Evaluation Using Interface

Input:

  • Required Inputs:
    • output: The output column generated by model.

Output:

  • Result: - Passed / Failed

Interpretation:

  • Passed: The output does not contain sexist content.
  • Failed: The output contains sexist content.

Evaluation Using Python SDK

Click here to learn how to setup evaluation using the Python SDK.

Input:

  • Required Inputs:
    • output: string - The output column generated by the model.
  • Output:
    • Result: bool - 0/1

Interpretation:

  • 1: The output does not contain sexist content.
  • 0: The output contains sexist content.
from fi.testcases import TestCase
from fi.evals.templates import Sexist

sexist_eval = Sexist()

test_case = TestCase(
    input="Your text to evaluate for sexist content"
)

result = evaluator.evaluate(eval_templates=[sexist_eval], inputs=[test_case])
sexist_result = result.eval_results[0].data[0]
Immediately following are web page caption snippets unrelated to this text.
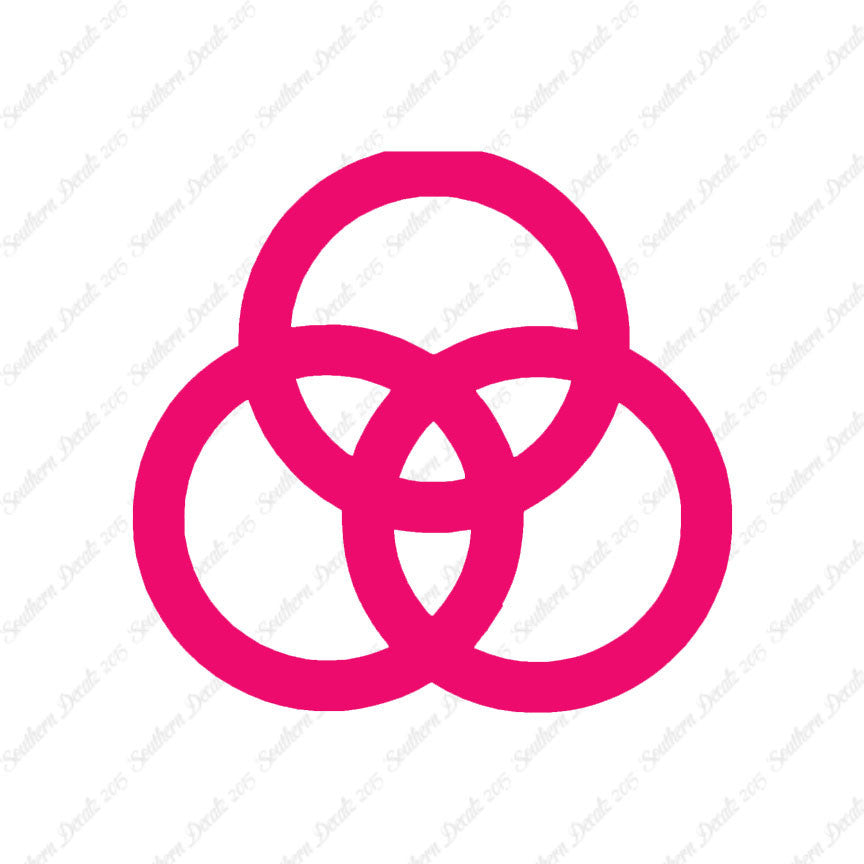 Trinity Knot Triquetra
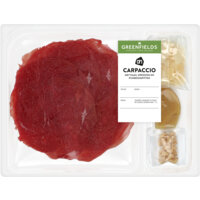 Een afbeelding van AH Greenfields Carpaccio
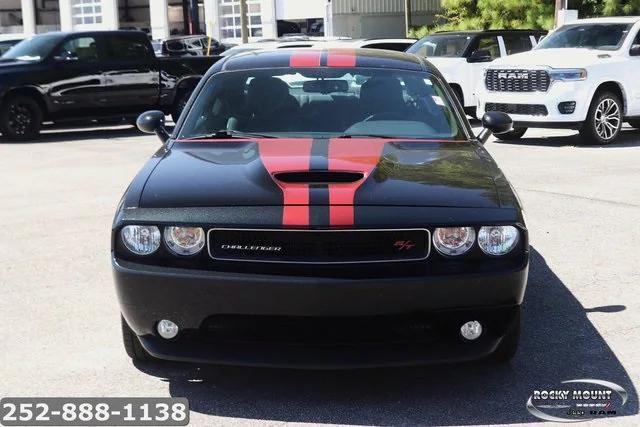 2013 Dodge Challenger R/T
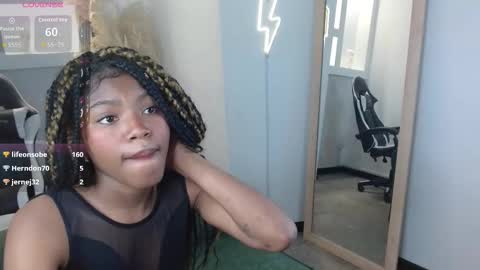 onyx_ebony online show from October 23, 3:46 pm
What to do when Sexist Content is Detected

Modify or remove sexist language to ensure the text is inclusive, respectful, and free from bias. Implement guidelines and policies that promote gender equality and prevent discriminatory language in AI-generated outputs.

Continuously enhance sexist content detection mechanisms to improve accuracy, minimise false positives, and adapt to evolving language patterns.


Comparing Sexist Evaluation with Similar Evals

  • Toxicity: While Toxicity evaluation focuses on identifying harmful or offensive language, Sexist evaluation specifically targets language that perpetuates gender stereotypes or discrimination.
  • Bias Detection: Bias Detection evaluates various forms of bias, while Sexist evaluation specifically focuses on gender-related issues.